Bok Financial Corp. has a market cap of $3.43 billion; its shares were traded at around $50.41 with a P/E ratio of 16.3 and P/S ratio of 2.5. The dividend yield of Bok Financial Corp. stocks is 2%. Bok Financial Corp. had an annual average earning growth of 0.6% over the past 10 years.BOKF is in the portfolios of Columbia Wanger of Columbia Wanger Asset Management, Murray Stahl of Horizon Asset Management, Chuck Royce of Royce& Associates, David Dreman of Dreman Value Management, John Keeley of Keeley Fund Management, Jim Simons of Renaissance Technologies LLC, Steven Cohen of SAC Capital Advisors.

Highlight of Business Operations:

BOK Financial Corporation (“the Company”) reported net income of $63.5 million or $0.93 per diluted share for the second quarter of 2010, compared to $60.1 million or $0.88 per diluted share for the first quarter of 2010 and $52.1 million or $0.77 per share for the second quarter of 2009. Net income for the six months ended June 30, 2010 totaled $123.7 million or $1.81 per diluted share compared with net income of $107.1 million or $1.58 per diluted share for the six months ended June 30, 2009.

Net income for the first quarter of 2010 included a $6.5 million or $0.10 per diluted share day-one gain from the purchase of the rights to service $4.2 billion of residential mortgage loans on favorable terms. Net income for the second quarter of 2009, included a $7.7 million or $0.11 per share special assessment by the Federal Deposit Insurance Corporation (“FDIC”).

Growth in average earning assets was funded by a $505 million increase in average deposits. Demand deposits for the second quarter of 2010 were up $478 million over the second quarter of 2009. In addition, interest-bearing transaction accounts increased $1.4 billion over the second quarter of 2009. Time deposits decreased $1.4 billion compared with the second quarter of 2009 as we continued to decrease brokered deposits and other higher costing time deposits. Borrowed funds decreased $158 million compared to the second quarter of 2009.

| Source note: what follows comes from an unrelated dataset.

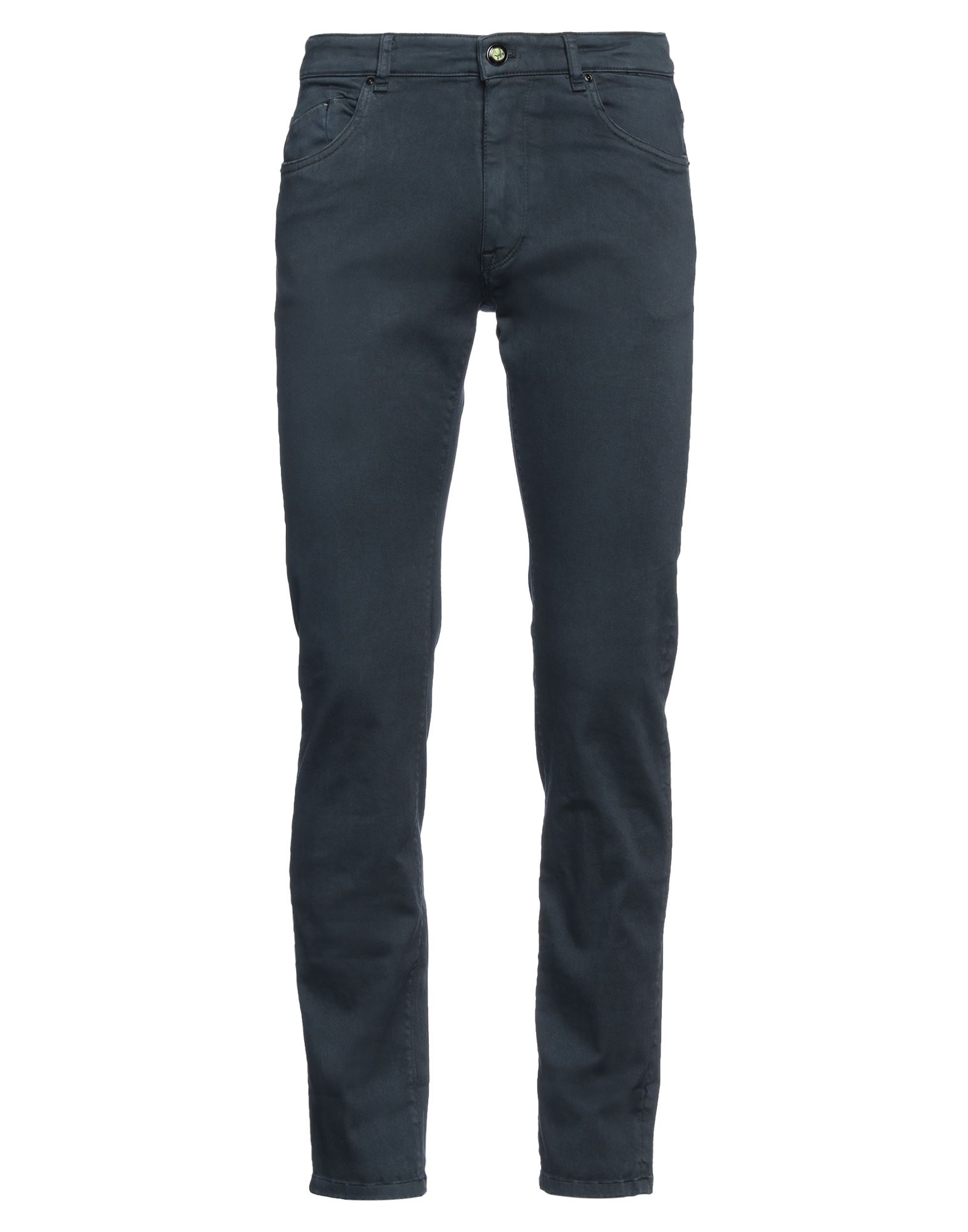  Mason's - Hosen & Röcke - Hosen - On Yoox.com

Average earning assets decreased $40 million compared to the previous quarter. Securities increased $155 million. Growth in securities was due to a $79 million increase in investment securities and a $69 million increase in mortgage trading securities. Residential mortgage loans held for sale increased $46 million. Outstanding loans, net of allowance for loan losses, decreased $219 million. Commercial, commercial real estate and consumer loan categories decreased in the second quarter of 2010. Residential mortgage loans increased $15 million over the first quarter of 2010. Deposits increased $441 million compared with the previous quarter, including a $324 million increase in interest-bearing transaction accounts and a $175 million increase in demand deposits, partially offset by a $71 million decrease in higher-costing time deposits. Borrowed funds decreased $714 million compared to the previous quarter.

Other operating revenue was $157.4 million for the second quarter of 2010 compared to $128.0 million for the second quarter of 2009 and $113.9 million for the first quarter of 2010. Fees and commissions revenue increased $5.1 million or 4% compared with the second quarter of 2009. Net gains on securities, derivatives and other assets increased $25.5 million, including an increase of $32.6 million on securities and derivatives held as an economic hedge of mortgage servicing rights. Other-than-temporary impairment charges recognized in earnings were $1.1 million greater compared to the second quarter of 2009.

Other operating revenue increased $43.6 million compared to the first quarter of 2010. Fees and commissions revenue increased $12.9 million. Net gains on securities, derivatives and other assets increased $29.1 million over the first quarter of 2010, including $22.6 million on securities and derivatives held as an economic hedge of mortgage servicing rights. Other-than-temporary impairment charges recognized in earnings were $1.6 million lower compared with the first quarter of 2010.